Erneut Debatte über das Schreiben lernen

Erfurt. Bildungsministerium diskutiert am Mittwoch mit Lehrern darüber, wie Kinder die Schriftsprache lernen.

Ein Mädchen der vierten Klasse steht an der Tafel der Erfurter Bechstein-Schule. Archiv-Foto: A. Volkmann

Ein Mädchen der vierten Klasse steht an der Tafel der Erfurter Bechstein-Schule. Archiv-Foto: A. Volkmann

Foto: zgt

"Lehrer und Eltern sind irritiert", sagt Rigobert Möllers vom Institut für Lehrerfortbildung (Thillm). Nachdem die Art und Weise, wie Thüringer Kinder schreiben lernen, in der Öffentlichkeit kontrovers diskutiert worden ist, kommt das Thema jetzt auf den Prüfstand: auf einer Tagung zum Schriftsprachenerwerb, die heute im Thillm stattfindet.

Aber: "Wir rudern nicht zurück", sagt Möllers. Man wolle nur noch einmal die Positionen klarstellen. Debattiert wurde in der Öffentlichkeit vor allem das seit 2010 im Thüringer Lehrplan verankerte Schreibenlernen nach dem Hören sowie die Frage, ob Kinder die Druck- oder Schreibschrift erlernen.

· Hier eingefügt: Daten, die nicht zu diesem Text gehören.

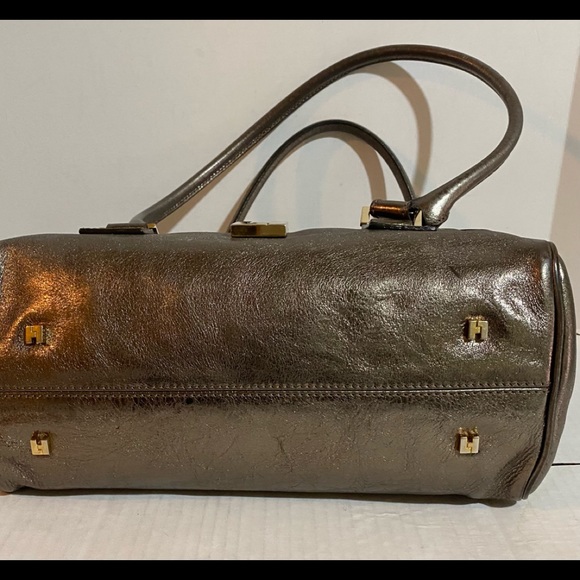 Lambertson truex gold metallic leather satchel bag - Picture 4 of 11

Es gehe allerdings nicht darum, den Lehrplan umzuschreiben, betonte auch der Sprecher des Bildungsministeriums, das ebenfalls vertreten sein wird, gestern gegenüber unserer Zeitung. "Wir möchten die Debatte aufgreifen und eine Bestandsaufnahme machen", sagte Ministeriumssprecher Gerd Schwinger. Es gelte herauszufinden, wo Thüringen im gesamtdeutschen Vergleich stehe.

Zur fachlichen Unterstützung haben sich Thillm und Ministerium die Erziehungswissenschaftlerin Renate Valtin von der Berliner Humboldt-Universität geladen. Ein von ihr entwickeltes Modell zum Schriftsprachenerwerb setzt auf das Prinzip "Schreibe, wie du sprichst".

Möglicherweise, so Gerd Schwinger, werde man beschließen, neue fachliche Empfehlungen für die Grundschulen zu erarbeiten — keinen neuen Lehrplan also, sondern eine Handreichung, wie mit dem bestehen­­­­­- den umzugehen ist.